Once the line containing "Cigogne noire" is reached in the listing below, reproduce it and all later lines through the final one exactly, but omit any pictures.

## Records for this exercise
--------------------------------
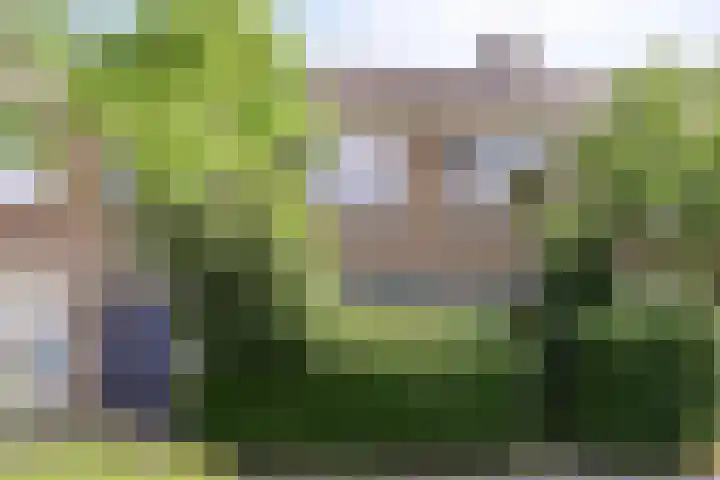 Brandespad 16 Rotterdam thumbnail 25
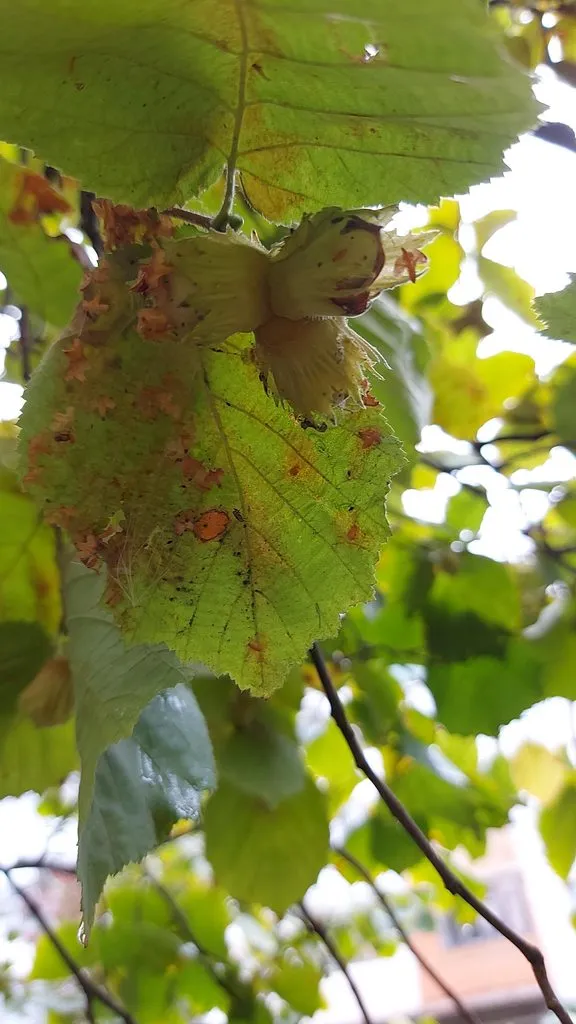 Чайная беседка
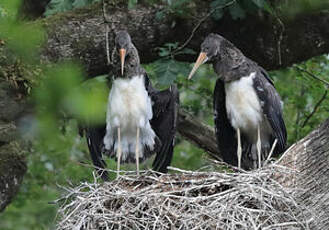 Cigogne noire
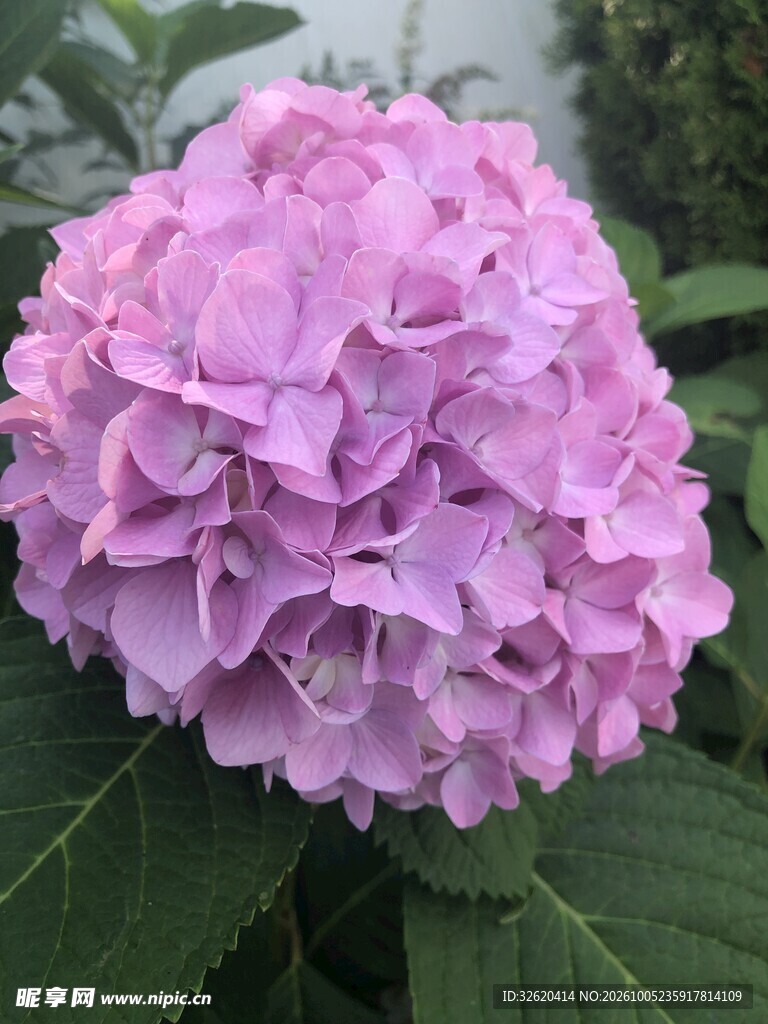 粉色绣球花特写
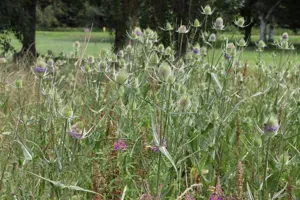 Common Teasel
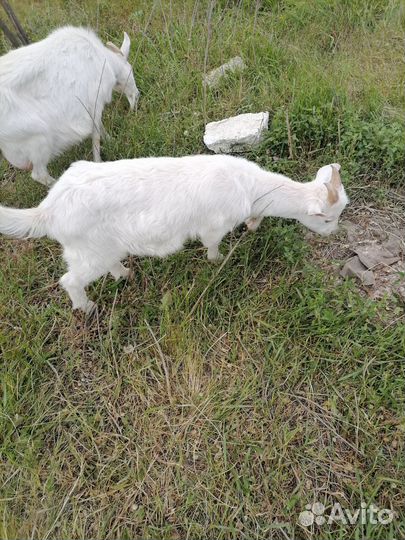 Козы, козёл и козлята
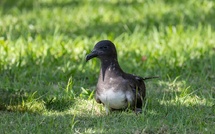 Appel aux dons pour un centre de soin aviaire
--------------------------------
## Answer to this problem
 Cigogne noire
 粉色绣球花特写
 Common Teasel
 Козы, козёл и козлята
 Appel aux dons pour un centre de soin aviaire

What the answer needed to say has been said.